Kernel fission

TODO: Reword based on preceding chapters

In the previous chapters, we have been implementing code optimizations that make more parts of our simulation execute in parallel through a mixture of asynchronous execution and pipelining.

As a result, we went from a rather complex situation where our simulation speed was limited by various hardware performance characteristics depending on the configuration in which we executed it, to a simpler situation where our simulation is more and more often bottlenecked by the raw speed at which we perform simulation steps.

This is shown by the fact that in our reference configuration, where our simulation domain contains about 2 billion pixels and we perform 32 simulation steps per generated image, the simulation speed that is measured by our microbenchmark does not change that much anymore as we go from a pure GPU compute scenario to a scenario where we additionally download data from the GPU to the CPU and post-process it on the CPU:

run_simulation/workgroup32x16/domain2048x1024/total512/image32/compute
                        time:   [83.137 ms 83.266 ms 83.421 ms]
                        thrpt:  [12.871 Gelem/s 12.895 Gelem/s 12.915 Gelem/s]
run_simulation/workgroup32x16/domain2048x1024/total512/image32/compute+download
                        time:   [102.03 ms 102.49 ms 102.95 ms]
                        thrpt:  [10.429 Gelem/s 10.477 Gelem/s 10.524 Gelem/s]
run_simulation/workgroup32x16/domain2048x1024/total512/image32/compute+download+sum
                        time:   [102.98 ms 103.21 ms 103.36 ms]
                        thrpt:  [10.389 Gelem/s 10.404 Gelem/s 10.427 Gelem/s]

To go faster, we will therefore need to experiment with ways to make our simulation steps faster. Which is what the next optimization chapters of this course will focus on.
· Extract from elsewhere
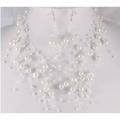 Parure mariage perles flottante blanche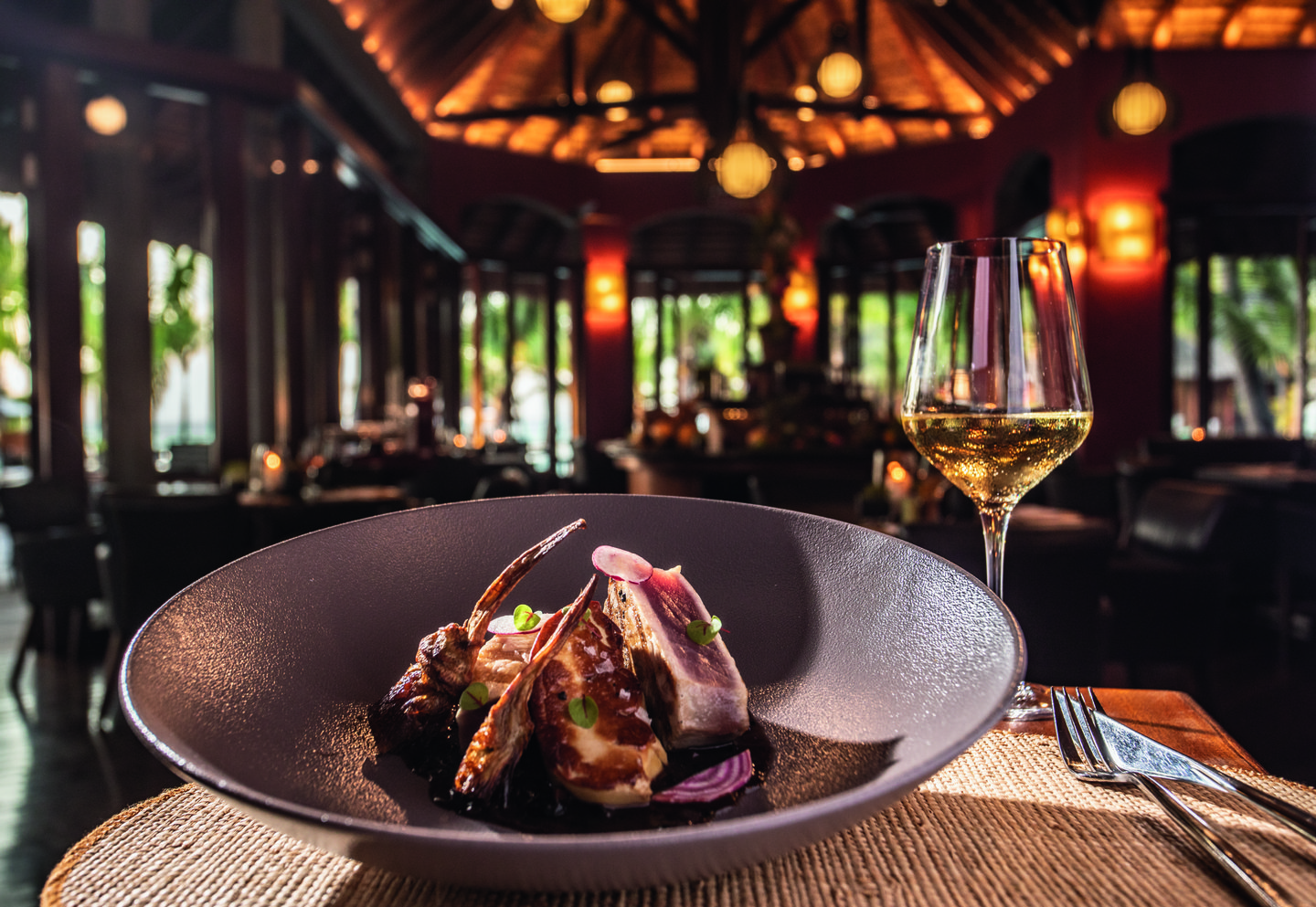 Restauranten Dinas på Dinarobin Beachcomber Golf Resort & Spa, Mauritius Restauranten Dinas på Dinarobin Beachcomber Golf Resort & Spa, Mauritius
As a first step, we will try a classic GPU optimization strategy: when given the choice between more concurrent work and less redundant work, always try more concurrency first.

A concurrency opportunity

Recall that our GPU program for performing a simulation step looks like this:

void main() {
    // Map work items into 2D central region, discard out-of-bounds work items
    const uvec2 pos = uvec2(gl_GlobalInvocationID.xy) + DATA_START_POS;
    if (any(greaterThanEqual(pos, data_end_pos()))) {
        return;
    }

    // Load central value
    const vec2 uv = read(pos);

    // Compute the diffusion gradient for U and V
    const uvec2 topleft = pos - uvec2(1);
    const mat3 weights = stencil_weights();
    vec2 full_uv = vec2(0.0);
    for (int y = 0; y < 3; ++y) {
        for (int x = 0; x < 3; ++x) {
            const vec2 stencil_uv = read(topleft + uvec2(x, y));
            full_uv += weights[x][y] * (stencil_uv - uv);
        }
    }

    // Deduce the change in U and V concentration
    const float u = uv.x;
    const float v = uv.y;
    const float uv_square = u * v * v;
    const vec2 delta_uv = diffusion_rate() * full_uv + vec2(
        FEED_RATE * (1.0 - u) - uv_square,
        uv_square - (FEED_RATE + KILL_RATE) * v
    );
    write(pos, uv + delta_uv * DELTA_T);
}

If you look at it carefully, you will realize that it is almost two computations bundled into one:

The initial full_uv diffusion gradient computation independently computes the diffusion gradient for species U and V, as two different lanes of a GLSL vec2 type.
The final delta_uv computation is literally two different computations vectorized into one, with the exception of the uv_square product which is only computed once but used by the U and V components of delta_uv.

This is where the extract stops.